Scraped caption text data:

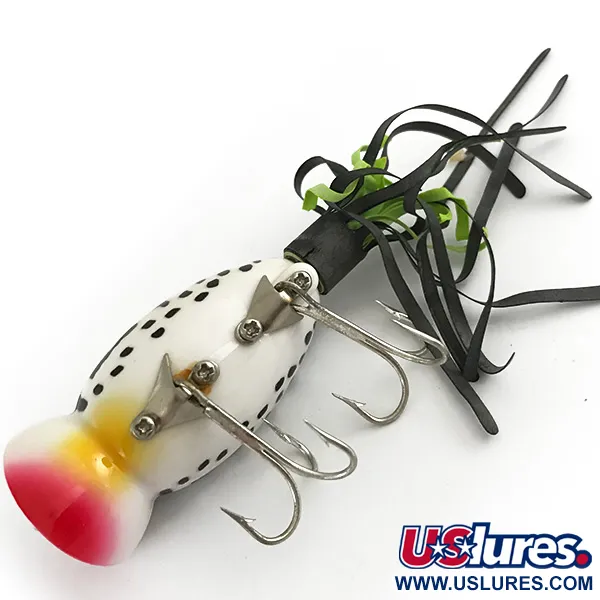 Fred Arbogast Hula Popper, White Tiger / Röd, 10g, Kjol, #6617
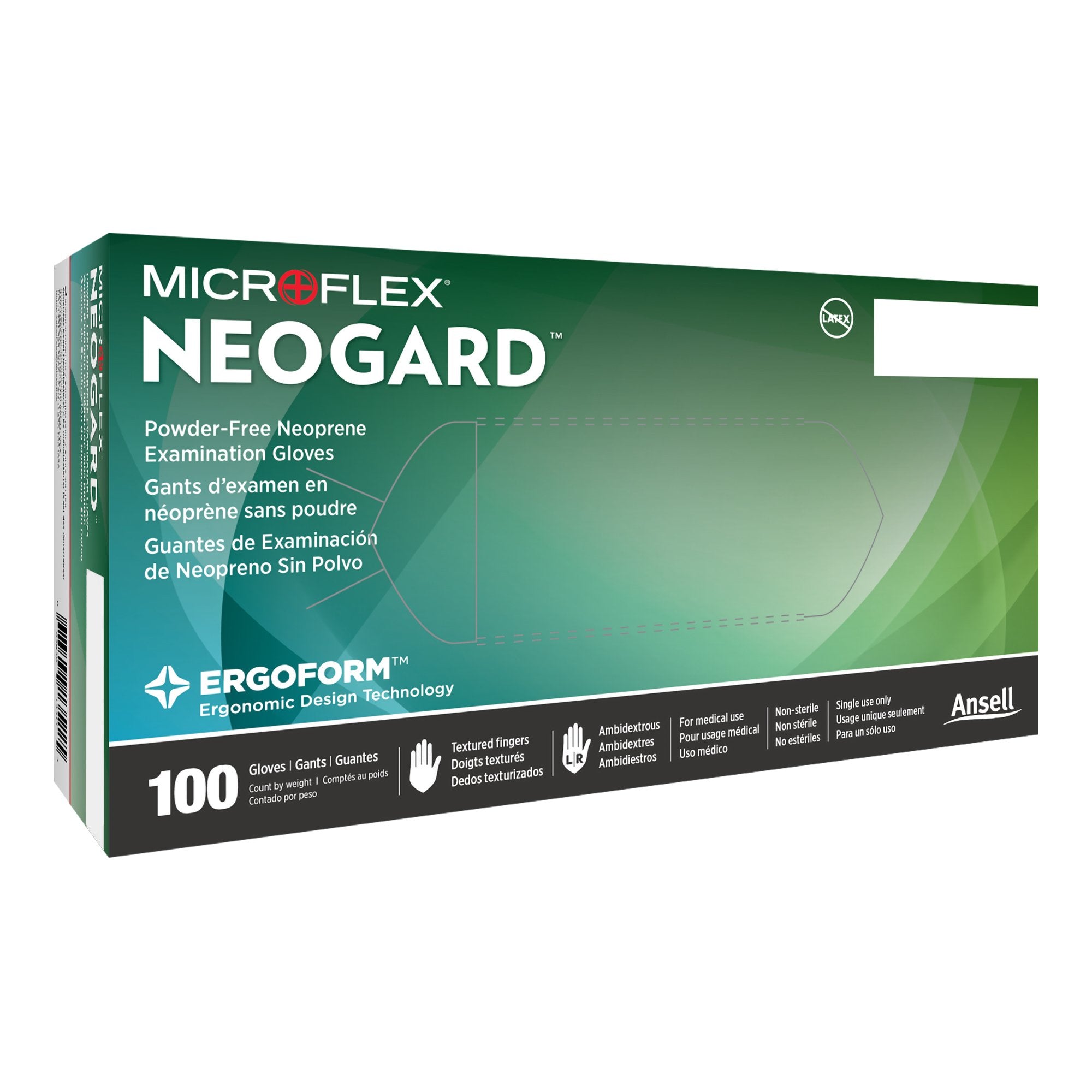 Microflex Medical - Exam Glove Neogard® Large NonSterile Polychloroprene Standard Cuff Length Textured Fingertips Green Not Rated [100/BX]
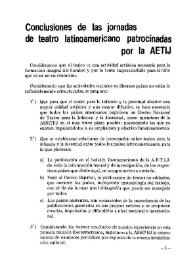 Conclusiones de las Jornadas de Teatro Latinoamericano patrocinado por la AETIJ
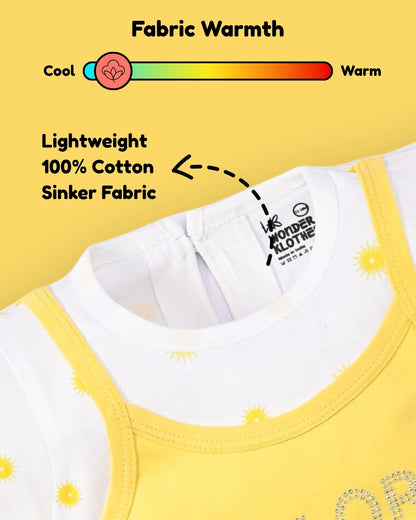 Explore Minnie Half Sleeves Frock & Bloomer Pant Set | Yellow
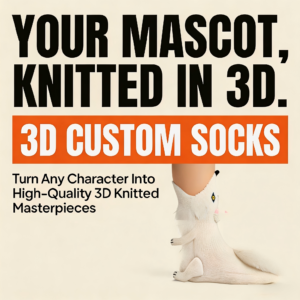 Custom 3D Arctic Fox Stuffed Plush Cotton Socks Medium Handmade Jacquard Knit Soft Novelty Gift Unisex Teens Adults Wholesale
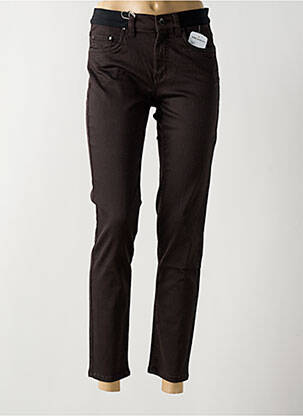 Jeans coupe slim stretch taille normale marron ANNA MONTANA femme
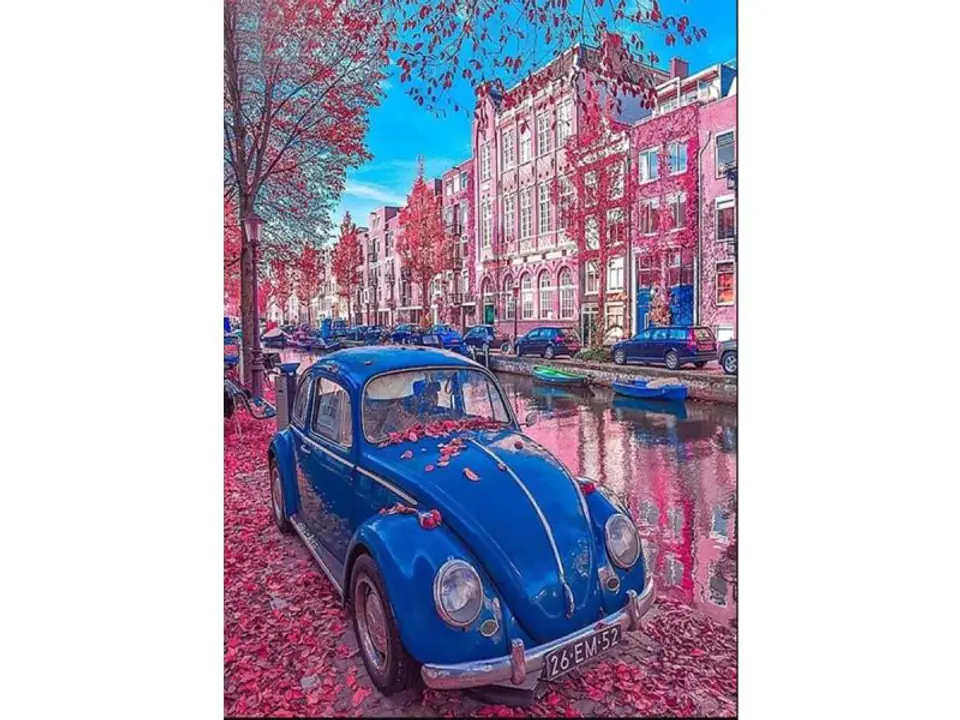⁨OBRAZ MALOWANIE PO NUMERACH RAMA 40x50cm RETRO GARBUS⁩ w sklepie Wasserman.eu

■ What you will do
Copy the records exactly. Skip the pictures.

■ Result for this task
 Fred Arbogast Hula Popper, White Tiger / Röd, 10g, Kjol, #6617
 Microflex Medical - Exam Glove Neogard® Large NonSterile Polychloroprene Standard Cuff Length Textured Fingertips Green Not Rated [100/BX]
 Conclusiones de las Jornadas de Teatro Latinoamericano patrocinado por la AETIJ
 Explore Minnie Half Sleeves Frock & Bloomer Pant Set | Yellow
 Custom 3D Arctic Fox Stuffed Plush Cotton Socks Medium Handmade Jacquard Knit Soft Novelty Gift Unisex Teens Adults Wholesale
 Jeans coupe slim stretch taille normale marron ANNA MONTANA femme
⁨OBRAZ MALOWANIE PO NUMERACH RAMA 40x50cm RETRO GARBUS⁩ w sklepie Wasserman.eu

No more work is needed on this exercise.